Les sceptiques et les incrédules seront confondus

Cette histoire s’avère si incroyable que plusieurs n’y croient pas. Il ne voient que les effets, sans en chercher les tenants et les aboutissants. C’est pour ça d’ailleurs que les génies de la finances se livrent allègrement à de telles pratiques, parce qu’ils savent qu’à peu près personne ne croira les sonneurs d’alarme. Les économistes, les chroniqueurs économiques et les politiciens, tous – ou presque - trouvaient ça normal. Et ils continueraient de trouver ça normal si la bulle n’avait pas éclaté. Mais ils seront confondus s’il leur arrive de lire ces trois livres écrits, non pas par des « activistes » de gauche, mais par des ex-banquiers ou conseillers des milieux financiers :

  Charles Morris, The Trillion Dollar Metldown : Easy Money, High Rollers, and the Great Credit Crash, PublicAffairs, 2008 ;
  Laurence Mitchell, The Speculation Economy : How Finance Triumphed over Industry, Berrett-Koehler Publishers, 2007 ;
  François Morin, Le nouveau mur de l’argent, Essai sur la finance globalisée, Seuil, 2006.

Par ailleurs, dans le dossier principal du magazine Time (29 septembre 2008) intitulé « The Price of Greed » - « Le prix de la cupidité » - , on explique bien les rouages de la crise. Les auteurs montrent comment la cupidité est à la racine de cette spéculation démentielle.

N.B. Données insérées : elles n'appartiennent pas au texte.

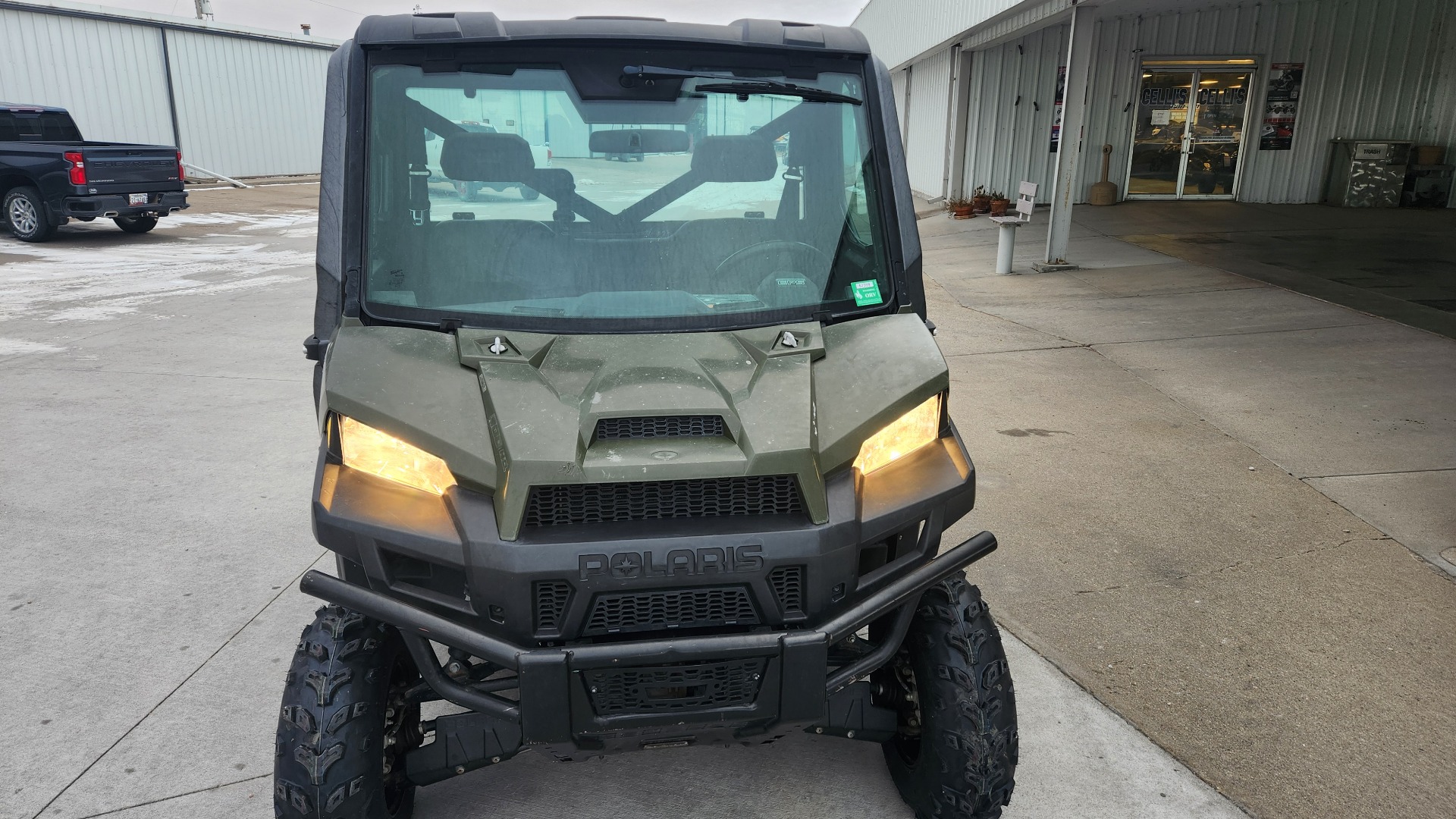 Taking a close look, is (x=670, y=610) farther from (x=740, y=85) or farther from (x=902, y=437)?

La morale de cette histoire

La morale de cette incroyable mais véridique histoire, c’est que la monnaie - inventée pour faciliter les échanges entre les membres d’une communauté et, aujourd’hui, entre les individus et les institutions du monde entier - est un BIEN PUBLIC. Et en tant que BIEN PUBLIC, la monnaie doit être émise, régulée et contrôlée par les pouvoirs publics.


Jacques B. Gélinas
Auteur du Dictionnaire critique de la globalisation, Voir en particulier, les mots « Financiarisation », « Spéculation financière » et « Dérégulation ».
Le 15 octobre 2008


[1"Adossé à" : c’est la trouvaille linguistique des grands spéculateurs pour éviter d’utiliser le mot "garanti par", car les papiers commerciaux en question n’ont qu’une relation éloignée, comme on le verra plus loin, avec l’actif qu’est la maison hypothéquée ou autres. Mieux vaudrait dire : "accroché à des actifs".

[2Dans subprime ou sous-prime, « prime » est pris, dans le langage financier, au sens de « prix à payer pour… ». Pour une assurance, par exemple. Dans le cas qui nous occupe, il s’agit des mensualités minimales à payer pour l’hypothèque.

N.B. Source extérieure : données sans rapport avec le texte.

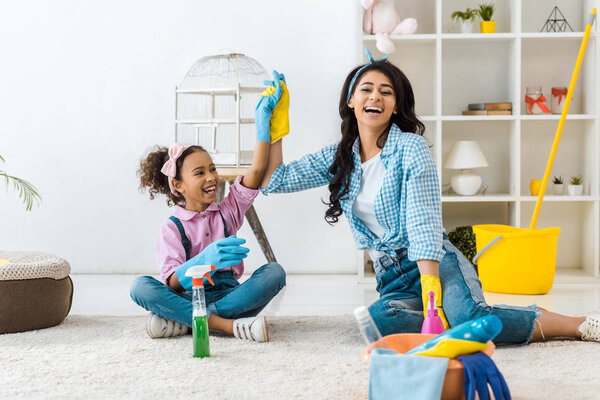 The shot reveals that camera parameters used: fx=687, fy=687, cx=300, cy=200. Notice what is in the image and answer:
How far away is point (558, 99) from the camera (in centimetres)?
316

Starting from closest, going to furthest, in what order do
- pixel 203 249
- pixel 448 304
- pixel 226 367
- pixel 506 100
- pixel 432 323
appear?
1. pixel 432 323
2. pixel 226 367
3. pixel 448 304
4. pixel 203 249
5. pixel 506 100

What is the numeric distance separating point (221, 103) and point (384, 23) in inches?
33.5

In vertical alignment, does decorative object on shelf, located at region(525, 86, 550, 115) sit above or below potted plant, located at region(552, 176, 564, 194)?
above

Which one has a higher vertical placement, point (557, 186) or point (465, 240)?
point (557, 186)

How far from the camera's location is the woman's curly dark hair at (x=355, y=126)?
200 cm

[3« Titrisation » : notez le mot titre dans ce néologisme financier. La titrisation consiste à transformer un paquet de créances en petites tranches égales pour en faire des titres financiers que l’institution prêteuse lance sur le marché des valeurs mobilières.

[4Les bons du Trésor US et les obligations du Canada sont emprunts émis par l’État.

Jacques B. Gélinas

Sociologue québécois, Jacques B. Gélinas s’est toujours intéressé aux questions touchant l’émancipation du Tiers Monde, les droits de minorités et l’organisation socio-économique des communautés humaines. Après plus d’une décennie comme coopérant en Amérique latine, il a été professeur en sociologie du développement, puis cadre au ministère des Relations internationales du Québec. Il est aujourd’hui essayiste et conférencier.